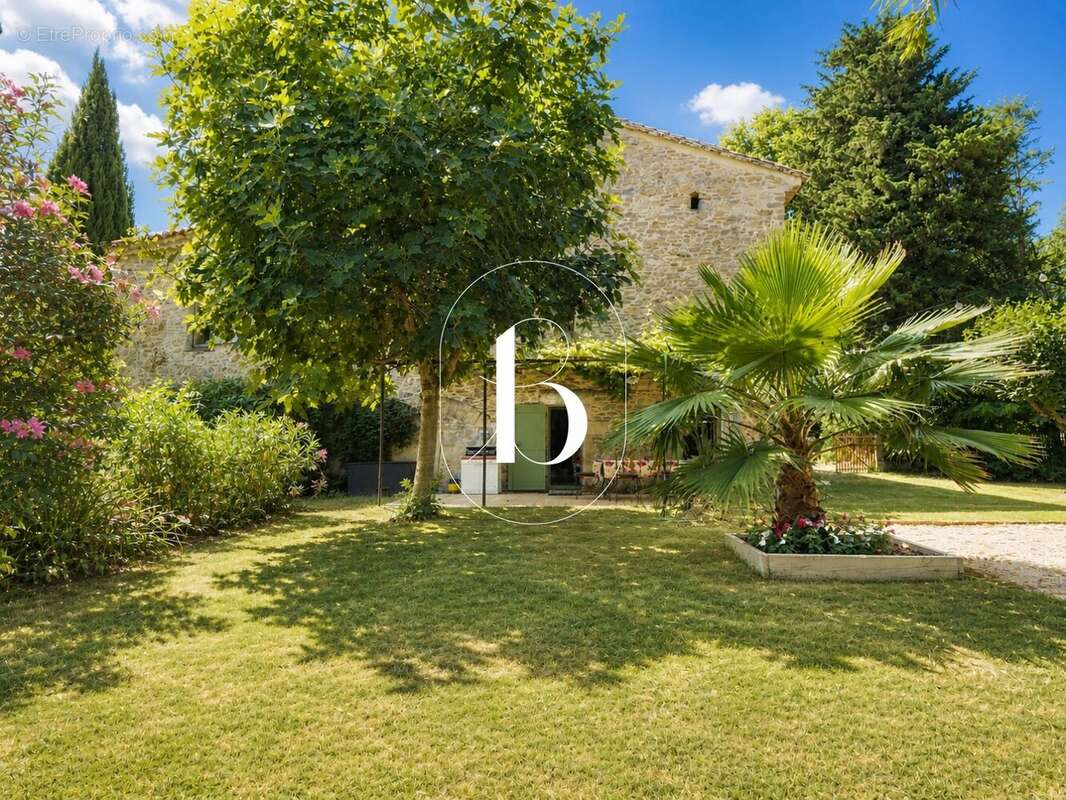 Maison à SAINT-VICTOR-LA-COSTE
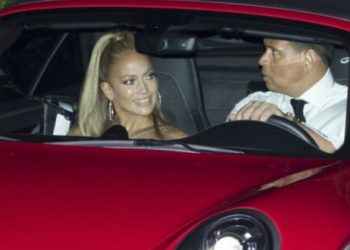 Alex Rodríguez se quedó con el carro deportivo que le regaló a Jennifer López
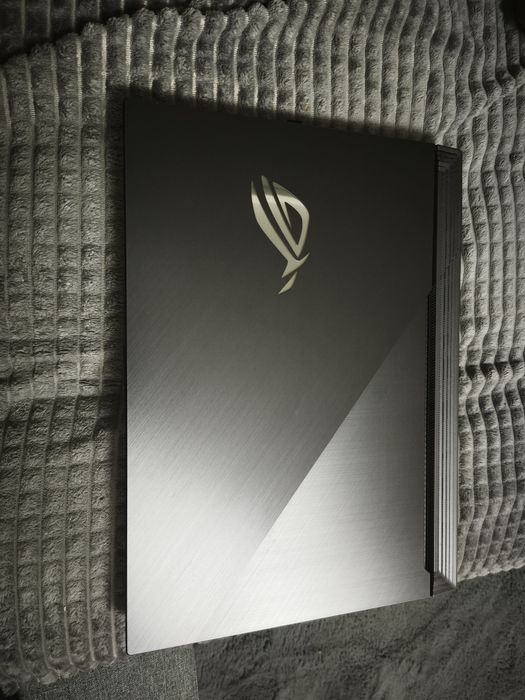 Laptop asus rog strix G731G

Exercise: Set down all of the material word for word, minus its pictures.

Solution to this exercise:
 Maison à SAINT-VICTOR-LA-COSTE
 Alex Rodríguez se quedó con el carro deportivo que le regaló a Jennifer López
 Laptop asus rog strix G731G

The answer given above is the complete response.